だとすると、誤解を解きたいと主張する人達は、国際社会、外国、といいながら、実はブーメラン効果で日本人自身の「誤解」を解きたいと思っているのではないでしょうか?
日本人は昔のことで未だに先祖が悪く言われているのが我慢できず先祖の名誉を晴らしたいという気持ちが強いのだと思いますが、外国人、特にアメリカ人は昔のことは昔のことで大事なのは今であるという考えを持っています。だから、日本人が思うような「日本に対する誤解」を外国人はしていないのです。
アメリカ憲法を見ても、過去の過ちを過ちと認めた上で何度も修正を加えています。あの時は正しかったと正当化することはせず、あの時は間違っていたという反省に立ってこれからはそれを改めようという考え方です。 だから、昔のことで今の日本人を悪く思っているアメリカ人はほとんどいない筈です。また、悪いのは指導者のみで一般市民については被害者であるという考え方が一般的です。
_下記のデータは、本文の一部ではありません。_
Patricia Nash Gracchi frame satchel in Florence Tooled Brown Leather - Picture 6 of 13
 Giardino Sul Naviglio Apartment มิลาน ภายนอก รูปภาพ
冷泉先生がおっしゃるように、今回のことで朝日や政府が海外に向かって何か声明を出すことは、日本の評判を下げる効果しかないと思います。どのような形であれ、過去の慰安婦問題の正当化は、強制か任意かは関係なく、日本の評判を下げることにしかつながりません。
そんなことを首相を含めた日本の指導者たちが分からないわけはないと思います。
だとすると、、「国際社会の誤解を解く」というのは方便であり、朝日新聞に外国向けの声明を出させるという逆リスクをとってまでやりたいのは、日本人自身の誤解を解くということなんだろうと思うわけです。「国際社会が誤解している」と誤解させてまで解きたい日本人自身の誤解がある、と考えているということです。
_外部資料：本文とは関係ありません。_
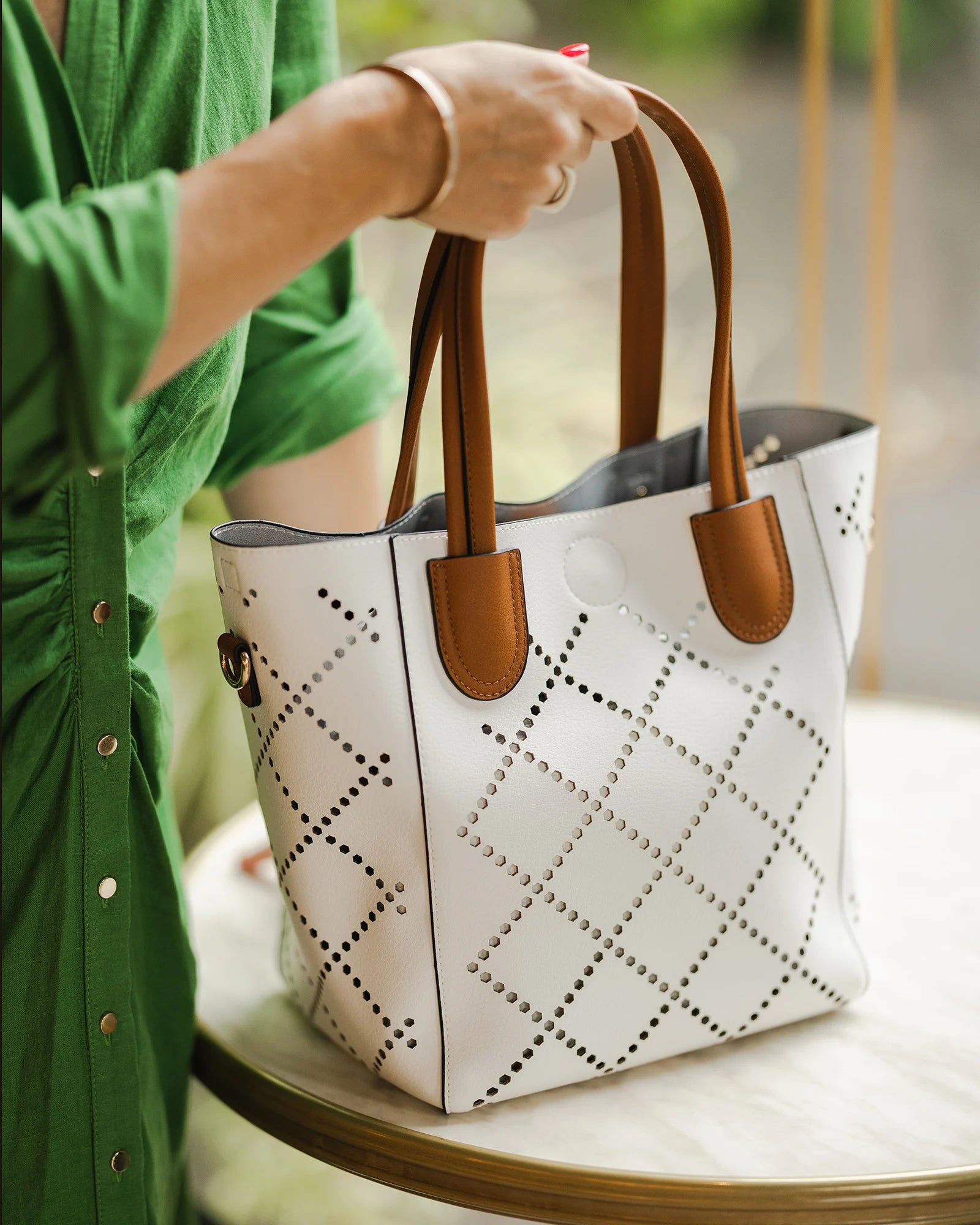 Louenhide - Baby Bermuda Tote Bag White
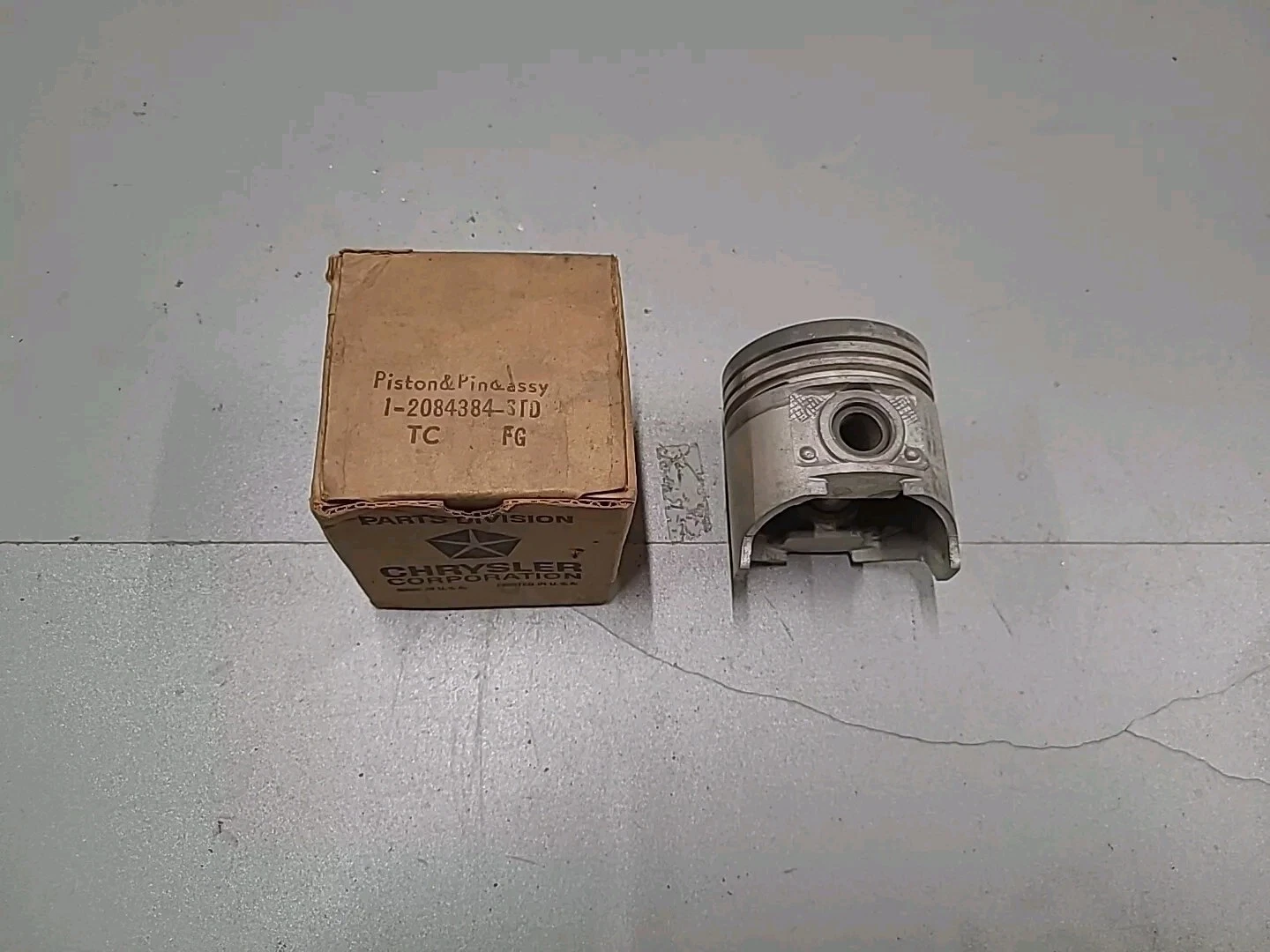 ENGINE PISTON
その国際社会が誤解していると主張してまで解きたい日本人自身の誤解とは何なのか、何を誤解だといいたいのか、それが、この問題の核心であるのだと思います。
安倍首相が経済や原発問題を含めて他に解決するべき緊急かつ重要な課題があるのにもかかわらずこの問題に固執するのは、この問題を解決しないと日本の発展はこれ以上望めないと考えているのかもしれません。
日本人が前に進むのに必要なのは、果たして過去を肯定することなのか、過去の過ちを認めて謝罪することなのか、安倍首相は前者の立場に立ち、朝日新聞は後者の立場に立っているのでしょう。だとすると、両者とも目指すものは同じであり、その方法において意見が異なるのみだということができます。
いずれにしても、冷泉先生の言われるとおり「国際社会の誤解」とは無関係であることだけは言えると思います。